The New Orleans Pinchbacks again defeated the West Ends at Sportsman's Park yesterday, though they had a hard tussle to do it, the score being 5 to 4. About 2,000 people witnessed the game, a large number of whom left the Fair Grounds when the sports there were declared off and took in the game. The Pinchbacks put up a game hard to beat, Hopkins, their pitcher, doing very good work. He was well supported by Josephs and Francis, who alternated behind the bat. The feature of the game, outside of Hopkins' pitching, was the coaching of Price, catcher of the West Ends. He has a voice which would do credit to a rasp-saw, and kept up a stream of chin music which would have made an auctioneer sick. Price coached every man on his own side and gave the umpires gratuitous advice as to the performance of their duties, taking a special care to let the spectators hear everything he said. One funny crack to a base-runner caught the crowd: "Whar, dar, you come off dat base. You have no real estate down there. Come, there's beer up here at third base, sah; come now, come a runnin' here." And the runner made a dash for third and slid to the grand stand. He presented a sorry spectacle. The game was thoroughly enjoyed by the spectators. It was a sort of novel treat and kept up a constant stream of laughter and yelling. Rain stopped the game at the end of the first half of the sixth inning, after the Pinchbacks had scored three more runs, making a total of eight. The game ended in the Pinchbacks favor in five innings, the score being 5 to 4 for the West Ends. If the weather clears up the two teams will probably meet to-morrow at Sportsman's Park.
-St. Louis Republic, August 27, 1888
So what happened in the game? I can't tell you. I don't know how the runs were scored or in what inning. We're told that Hopkins pitched well for the Pinchbacks, so I guess that's something. But the emphasis of the article is on Price's coaching and how entertained the spectators were. It's less overtly racist than the account of game one but, again, the game is not treated seriously.
2 comments:
"The New Orleans Pinchbacks again defeated the West Ends at Sportsman's Park yesterday, though they had a hard tussle to do it, the score being 5 to 4...The Pinchbacks put up a game hard to beat, Hopkins, their pitcher, doing very good work. He was well supported by Josephs and Francis, who alternated behind the bat... Rain stopped the game at the end of the first half of the sixth inning, after the Pinchbacks had scored three more runs, making a total of eight. The game ended in the Pinchbacks favor in five innings, the score being 5 to 4 for the West Ends. If the weather clears up the two teams will probably meet to-morrow at Sportsman's Park."
I don't want to minimize the demeaning aspects of the coverage, but at least by Cincinnati standards -- and Cincinnati had very strong and extensive baseball coverage at the time -- the excerpt above would be a lot of space to give an amateur game.

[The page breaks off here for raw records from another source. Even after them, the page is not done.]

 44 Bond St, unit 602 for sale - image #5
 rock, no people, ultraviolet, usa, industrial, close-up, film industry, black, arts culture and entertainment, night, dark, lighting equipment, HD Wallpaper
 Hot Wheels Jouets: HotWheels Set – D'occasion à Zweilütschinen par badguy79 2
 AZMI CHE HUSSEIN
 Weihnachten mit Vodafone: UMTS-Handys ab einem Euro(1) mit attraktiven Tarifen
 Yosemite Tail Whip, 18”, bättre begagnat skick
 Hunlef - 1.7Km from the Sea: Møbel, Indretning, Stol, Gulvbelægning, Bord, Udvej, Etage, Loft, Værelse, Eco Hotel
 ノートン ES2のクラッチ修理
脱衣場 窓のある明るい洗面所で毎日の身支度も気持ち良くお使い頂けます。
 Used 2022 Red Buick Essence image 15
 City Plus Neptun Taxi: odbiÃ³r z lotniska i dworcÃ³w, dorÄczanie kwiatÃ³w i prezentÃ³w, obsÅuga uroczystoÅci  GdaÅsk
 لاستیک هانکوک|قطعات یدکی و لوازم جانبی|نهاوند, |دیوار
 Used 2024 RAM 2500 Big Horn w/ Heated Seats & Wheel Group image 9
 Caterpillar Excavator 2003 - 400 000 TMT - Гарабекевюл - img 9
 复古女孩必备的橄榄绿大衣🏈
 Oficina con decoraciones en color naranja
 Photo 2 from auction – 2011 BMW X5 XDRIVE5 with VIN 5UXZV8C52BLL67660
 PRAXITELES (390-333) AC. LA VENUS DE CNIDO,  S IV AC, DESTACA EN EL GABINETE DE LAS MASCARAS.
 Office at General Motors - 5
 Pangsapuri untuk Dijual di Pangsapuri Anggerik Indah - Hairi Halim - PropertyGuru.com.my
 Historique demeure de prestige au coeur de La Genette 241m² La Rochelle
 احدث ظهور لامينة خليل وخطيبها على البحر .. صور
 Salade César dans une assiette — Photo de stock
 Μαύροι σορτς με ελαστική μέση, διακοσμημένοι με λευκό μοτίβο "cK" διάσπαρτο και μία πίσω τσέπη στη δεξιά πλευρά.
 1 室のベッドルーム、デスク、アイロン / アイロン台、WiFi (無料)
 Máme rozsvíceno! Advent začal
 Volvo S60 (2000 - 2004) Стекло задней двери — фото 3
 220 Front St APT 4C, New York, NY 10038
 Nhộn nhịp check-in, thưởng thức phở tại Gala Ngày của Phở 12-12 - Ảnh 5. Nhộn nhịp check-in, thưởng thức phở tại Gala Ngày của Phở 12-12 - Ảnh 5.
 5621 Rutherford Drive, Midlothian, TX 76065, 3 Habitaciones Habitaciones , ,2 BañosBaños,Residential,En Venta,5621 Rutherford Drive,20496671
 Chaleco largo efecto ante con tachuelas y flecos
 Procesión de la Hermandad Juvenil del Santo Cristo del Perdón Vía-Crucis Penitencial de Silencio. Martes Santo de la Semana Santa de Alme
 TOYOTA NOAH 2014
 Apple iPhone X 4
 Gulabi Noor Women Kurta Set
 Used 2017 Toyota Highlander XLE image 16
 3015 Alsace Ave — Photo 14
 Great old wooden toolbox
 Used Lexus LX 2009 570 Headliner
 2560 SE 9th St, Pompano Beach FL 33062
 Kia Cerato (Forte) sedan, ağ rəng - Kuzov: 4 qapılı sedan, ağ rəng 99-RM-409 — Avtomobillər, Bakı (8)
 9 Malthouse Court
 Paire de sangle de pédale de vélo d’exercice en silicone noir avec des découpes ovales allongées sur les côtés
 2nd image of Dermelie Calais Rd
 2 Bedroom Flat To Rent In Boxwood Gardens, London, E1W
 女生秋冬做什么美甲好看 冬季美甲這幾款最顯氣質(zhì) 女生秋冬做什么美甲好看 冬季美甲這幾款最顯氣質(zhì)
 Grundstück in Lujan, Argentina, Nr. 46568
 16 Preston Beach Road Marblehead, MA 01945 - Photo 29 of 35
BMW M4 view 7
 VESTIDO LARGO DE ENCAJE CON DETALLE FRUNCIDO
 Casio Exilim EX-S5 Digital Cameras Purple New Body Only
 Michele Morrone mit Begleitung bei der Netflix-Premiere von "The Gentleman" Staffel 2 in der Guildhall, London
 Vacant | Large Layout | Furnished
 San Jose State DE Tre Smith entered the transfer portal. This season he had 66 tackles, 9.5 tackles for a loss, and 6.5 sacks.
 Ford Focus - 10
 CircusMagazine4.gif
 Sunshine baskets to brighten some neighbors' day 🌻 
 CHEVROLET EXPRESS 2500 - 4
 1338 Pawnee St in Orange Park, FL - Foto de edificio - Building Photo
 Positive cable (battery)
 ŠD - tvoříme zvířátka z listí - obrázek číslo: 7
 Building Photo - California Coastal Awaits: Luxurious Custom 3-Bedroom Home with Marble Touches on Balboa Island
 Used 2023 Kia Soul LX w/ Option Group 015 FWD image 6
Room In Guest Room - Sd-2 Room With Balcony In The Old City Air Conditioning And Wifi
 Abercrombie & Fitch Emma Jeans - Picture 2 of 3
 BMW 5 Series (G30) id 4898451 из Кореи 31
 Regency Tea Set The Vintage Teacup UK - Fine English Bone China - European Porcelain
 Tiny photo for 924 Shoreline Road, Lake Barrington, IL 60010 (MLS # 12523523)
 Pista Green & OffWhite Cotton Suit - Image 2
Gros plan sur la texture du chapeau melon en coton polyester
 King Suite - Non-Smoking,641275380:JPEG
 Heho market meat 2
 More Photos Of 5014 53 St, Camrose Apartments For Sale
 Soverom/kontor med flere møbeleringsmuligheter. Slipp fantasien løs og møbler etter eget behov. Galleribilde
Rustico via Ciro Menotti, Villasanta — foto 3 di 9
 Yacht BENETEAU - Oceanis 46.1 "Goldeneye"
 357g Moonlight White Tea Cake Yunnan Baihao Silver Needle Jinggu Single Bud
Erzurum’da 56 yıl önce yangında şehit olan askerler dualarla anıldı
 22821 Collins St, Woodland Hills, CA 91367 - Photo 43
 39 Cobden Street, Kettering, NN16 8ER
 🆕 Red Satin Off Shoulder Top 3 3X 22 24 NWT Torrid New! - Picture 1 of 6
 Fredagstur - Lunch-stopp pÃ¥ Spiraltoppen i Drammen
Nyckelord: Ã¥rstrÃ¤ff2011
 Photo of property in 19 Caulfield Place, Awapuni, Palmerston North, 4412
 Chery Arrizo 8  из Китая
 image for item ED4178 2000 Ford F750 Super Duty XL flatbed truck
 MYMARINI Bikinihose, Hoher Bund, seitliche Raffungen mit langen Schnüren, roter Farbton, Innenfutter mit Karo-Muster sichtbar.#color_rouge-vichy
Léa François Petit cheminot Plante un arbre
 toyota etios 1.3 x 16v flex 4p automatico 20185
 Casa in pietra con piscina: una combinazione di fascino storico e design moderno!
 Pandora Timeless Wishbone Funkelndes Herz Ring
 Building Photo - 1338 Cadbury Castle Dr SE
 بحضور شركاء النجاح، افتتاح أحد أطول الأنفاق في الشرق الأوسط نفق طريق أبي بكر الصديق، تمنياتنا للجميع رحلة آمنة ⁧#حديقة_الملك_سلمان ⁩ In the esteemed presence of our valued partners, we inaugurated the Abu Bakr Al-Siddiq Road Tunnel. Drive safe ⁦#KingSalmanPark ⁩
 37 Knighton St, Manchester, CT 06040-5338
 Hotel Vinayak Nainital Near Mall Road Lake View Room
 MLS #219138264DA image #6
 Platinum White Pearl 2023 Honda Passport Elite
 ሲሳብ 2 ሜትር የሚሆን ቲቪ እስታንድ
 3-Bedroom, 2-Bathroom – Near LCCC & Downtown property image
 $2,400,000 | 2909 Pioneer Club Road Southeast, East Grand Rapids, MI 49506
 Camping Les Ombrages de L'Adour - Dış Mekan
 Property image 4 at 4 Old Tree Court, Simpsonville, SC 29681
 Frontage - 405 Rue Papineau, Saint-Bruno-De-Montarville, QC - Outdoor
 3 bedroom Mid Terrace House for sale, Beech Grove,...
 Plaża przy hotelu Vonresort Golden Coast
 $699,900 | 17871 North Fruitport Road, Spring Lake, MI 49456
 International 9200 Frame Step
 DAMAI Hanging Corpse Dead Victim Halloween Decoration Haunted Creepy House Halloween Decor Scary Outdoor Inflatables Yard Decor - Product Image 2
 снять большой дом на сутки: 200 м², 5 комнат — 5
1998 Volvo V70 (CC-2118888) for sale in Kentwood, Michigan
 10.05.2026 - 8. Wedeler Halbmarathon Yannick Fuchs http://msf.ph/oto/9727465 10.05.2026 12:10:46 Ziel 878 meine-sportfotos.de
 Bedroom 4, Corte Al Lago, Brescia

You never see anything whatsoever about local black teams in Cincinnati, except that I think I've noticed one or two items scattered in the note columns.
I don't know what to make of this. The Pinchbacks were obviously a good draw, but the treatment they get, the interest in things like their uniforms as well as the more demeaning aspects, gives me the sense that even in a border city like St. Louis black culture still seemed something of an exoticism.
You and James have been bringing up some great stuff that I've been too busy to really respond to. I've been checking my emails at work and seeing the stuff you guys post and thinking what good points you all are bringing up and then getting back to work. Real life intrudes.
But you're correct that the Republic was giving a great deal of column inches to an amateur series and it's even more amazing because it's a series between two black clubs. Dwayne did a great job finding this stuff. I'm not sure why the series got so much coverage but I don't believe that it was because it was an exoticism. You had black clubs in StL dating back to the immediate post war era. You had big series between black StL clubs and national black clubs in the 1870s. So by 1888, this kind of stuff has been going on in the city for twenty years. It wasn't new or unique.
Maybe there was something about the Pinchbacks and their trip that caught the imagination of the press. I'll have to check the database and see if their was more coverage of all of this.
But while I'm stuck at work over the weekend (and you guys are enjoying the Super Bowl), just know that I appreciate all the you and James are adding to this. You guys are keeping me on my toes.